Greg Kihlstrom: Yeah, and I think all the more reason for the argument to have something that’s a bit more flexible and and able to adapt. And I mean, that kind of brings me to the next thing I wanted to talk about, which was the interoperability. I mean, is it safe to say, is composability and interoperability, are there nuances to those definitions? Are we talking about the same thing here? How do you look at that?
Justin DeBrabant: Yeah, I think interoperability is probably a little bit broader, but they’re the same flavor, same idea, right? When we talk about composable, what we mean primarily is around the storage and the compute. Like, where does the data live, right? is the data in the cloud data warehouse and we’re essentially pushing queries down to one or more cloud data warehouses and never copying the data back. Or does it live within the CDP and you know there’s a copy of the data and that customer 360 is defined within the CDP. Which was the original you know architecture for a CDP. I think in part because nobody had mature cloud data warehouses right. Ten years ago when the category started There wasn’t, hey, we have all our data in Snowflake or BigQuery or Redshift. That just didn’t exist. And now there’s a critical massive adoption of those systems where you go into a large enterprise and say, yeah, we’ve already defined our customer 360. It’s all sitting here in this cloud data warehouse. why would I want to copy it into your infrastructure? And I think that’s a good question to ask. So for us, composability, and I think generally speaking in the CDP space, composability is really around kind of the data and the storage and is starting to become about the identity as well and being able to plug in different identity spines or third party data into that kind of customer 360 versus kind of having something out of the box yourself. And interoperability, I would say, is a much broader kind of architectural principle about working seamlessly across the stack. And I think interoperability applies into how we integrate with the channel ecosystem downstream, right? Like we’re interoperable across an Adobe, a Salesforce, and an Oracle stack. And for a lot of our clients, we actually are integrating with some channels from each of them, and we’re interoperable across them.

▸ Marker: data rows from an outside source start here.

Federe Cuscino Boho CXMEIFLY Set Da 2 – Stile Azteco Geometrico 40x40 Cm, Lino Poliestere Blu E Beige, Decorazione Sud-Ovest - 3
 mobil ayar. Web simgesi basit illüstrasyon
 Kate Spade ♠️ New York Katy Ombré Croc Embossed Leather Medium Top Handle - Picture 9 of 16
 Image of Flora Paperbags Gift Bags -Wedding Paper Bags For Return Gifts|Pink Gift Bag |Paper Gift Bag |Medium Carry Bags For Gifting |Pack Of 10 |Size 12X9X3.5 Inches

Greg Kihlstrom: So I wanted to talk a little bit about what’s coming down, some future trends and stuff. But first I wanted to mention, it’s interesting, Gartner just released its first quadrant on CDPs. As you mentioned, CDPs have been around for a bit, a little over a decade here. So nothing like taking the time to get it right, right? But it took them a while and probably for some of the reasons you mentioned earlier, which is the definition can be a little nebulous depending on who you ask. But I do have to say, by the way, congrats on your placement as a visionary on that quadrant. So that’s a huge achievement. We’re very excited about that. Yeah, yeah. And it’s great to be able to see you know, how the different players are, you know, are stacking up, so to speak, in that, in that framework, you know, from your perspective, and, you know, having been doing this for a bit, a little over a decade here, is the CDP market too fragmented to have a quadrant? You know, is that one of the reasons why it took so long? Or, you know, do you see is further consolidation coming down the pike or either even, you know, further fragmentation?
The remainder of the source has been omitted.